Description
This talk recenters attention on the interplay between error—false facts, false theories—and nineteenth-century fiction, specifically Charles Dickens’s inventive misuse of antiquarian practice in Bleak House (1852-53) and Our Mutual Friend (1864-65). Informed by a pattern of offhand remarks in an archive of antiquarian papers, I remodel Dickens’s Jo, Boffin, and other waterside characters as “working-class antiquaries,” a contemporaneous pejorative for laborers, farmers, and uneducated members of the public who stumbled across artifacts in day-to-day life. From the perspective of established scientists of the past, these working-class antiquaries had the potential to destroy the clarity of historical narrative. Dickens views the threat of the working-class antiquary to official knowledge as liberating, and treats historical error as both productive and essential for the construction of plot.
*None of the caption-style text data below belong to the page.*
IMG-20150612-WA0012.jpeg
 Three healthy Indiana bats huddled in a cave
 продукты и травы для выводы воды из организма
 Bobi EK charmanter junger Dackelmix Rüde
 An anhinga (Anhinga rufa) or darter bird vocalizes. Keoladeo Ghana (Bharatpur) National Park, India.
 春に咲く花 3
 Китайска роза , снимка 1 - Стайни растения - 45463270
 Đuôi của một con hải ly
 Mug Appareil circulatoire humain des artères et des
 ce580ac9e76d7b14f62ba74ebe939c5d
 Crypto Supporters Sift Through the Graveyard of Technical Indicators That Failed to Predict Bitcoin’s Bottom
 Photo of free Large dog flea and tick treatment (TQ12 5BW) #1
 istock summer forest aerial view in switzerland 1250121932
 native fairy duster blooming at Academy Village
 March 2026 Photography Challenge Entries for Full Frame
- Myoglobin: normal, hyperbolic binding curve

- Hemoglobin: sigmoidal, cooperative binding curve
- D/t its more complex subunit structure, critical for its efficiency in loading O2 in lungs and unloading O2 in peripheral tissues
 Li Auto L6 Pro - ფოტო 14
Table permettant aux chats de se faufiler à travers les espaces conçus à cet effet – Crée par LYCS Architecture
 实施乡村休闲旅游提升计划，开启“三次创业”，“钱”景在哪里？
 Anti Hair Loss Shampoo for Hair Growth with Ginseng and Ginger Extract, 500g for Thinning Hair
Dickens grants real narrative authority to these working-class antiquaries, who trade historical accuracy for intimate, reparative understandings of the past. More generally, I hope to discuss the ways in which casual, lay-understandings of time and history diverged from and intersected with rigorous scientific understanding.
About the Speaker
Johana Godfrey is a Visiting Assistant Professor of English at Northwestern University, where she recently completed her PhD, recieving the 2024 Hagstrum Prize for Best Dissertation. She has published in Victorian Studies. While allegedly reworking her dissertation on anachronism into a monograph, she is also currently at work on a project about the ways that orthodox scientific discourses were misinterpreted in the popular imagination, and the ways that fiction writers mobilized these productive errors to experiment with new forms.
About the British Studies Seminar Series
The British Studies Seminar brings together scholars to discuss work that addresses the history of Britain and the British Empire from the early modern period to present day. The seminar is co-sponsored by the Graduate Cluster in British Studies at Northwestern, Northwestern History, and the Nicholson Center for British Studies at the University of Chicago.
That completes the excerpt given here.